Another day, another dog of a photograph (or) photograph of a dog.
And another day here on the farm in Oakland, The City of There, as in "there's no there, there", my dear. Actually there is a there here, although this morning something happened to BART and everybody got here two hours late. I, who walked to work, stopped for eggs and bacon on toast and a plastic bottle of orange juice and read about hack attacks against ebay and stocks and bonds dot com in the Tribune while my fellow workers sat helplessly under the bay with about ten billion tons of water sloshing above them. Is this important to document? Will I refer to this narrative in the future? No. But it gets the fingers moving. And I need to get something moving.

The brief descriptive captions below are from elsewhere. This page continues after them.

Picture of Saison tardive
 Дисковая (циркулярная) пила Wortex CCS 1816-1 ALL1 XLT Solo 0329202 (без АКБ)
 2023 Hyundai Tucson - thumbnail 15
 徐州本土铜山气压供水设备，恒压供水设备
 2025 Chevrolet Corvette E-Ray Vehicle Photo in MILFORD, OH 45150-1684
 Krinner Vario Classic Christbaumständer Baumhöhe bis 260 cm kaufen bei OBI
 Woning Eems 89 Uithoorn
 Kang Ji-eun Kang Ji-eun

I received an email from Rien today at work mentioning the numbers. The swine. I haven't forgotten the fucking numbers (only fair he reminded me, of course, since we talked about it back when I cajoled him into sending me his Reality Asylum CD on a promise of numbers for his collection. It's a good collection. Some of the other journalers have sent him some really nice stuff and I haven't had the imagination or the gumption to do anything half so good. So I'm procrastinating like crazy. He knew I wasn't going to make the deadline we set for the end of last month. He knew that I knew he knew I wasn't going to make the deadline we set for the end of last month. Shit. I've become a god damned joke. It's OK to be a god damned joke, but it's not OK to know it.)
Now I know Rien would have sent me the CD without promising the numbers and he knew I knew he'd send the CD just for the asking, but I also knew deep down in my heart of hearts that I was probably not going to deliver (on time). This is a repeating theme. Promise, not. Promise, not. Promise, not. I don't like people who do that very much and here I am looking into my own mirror and who is that looking back? The old Oakland slime bucket! Shit. That it should end like this. When it started so well.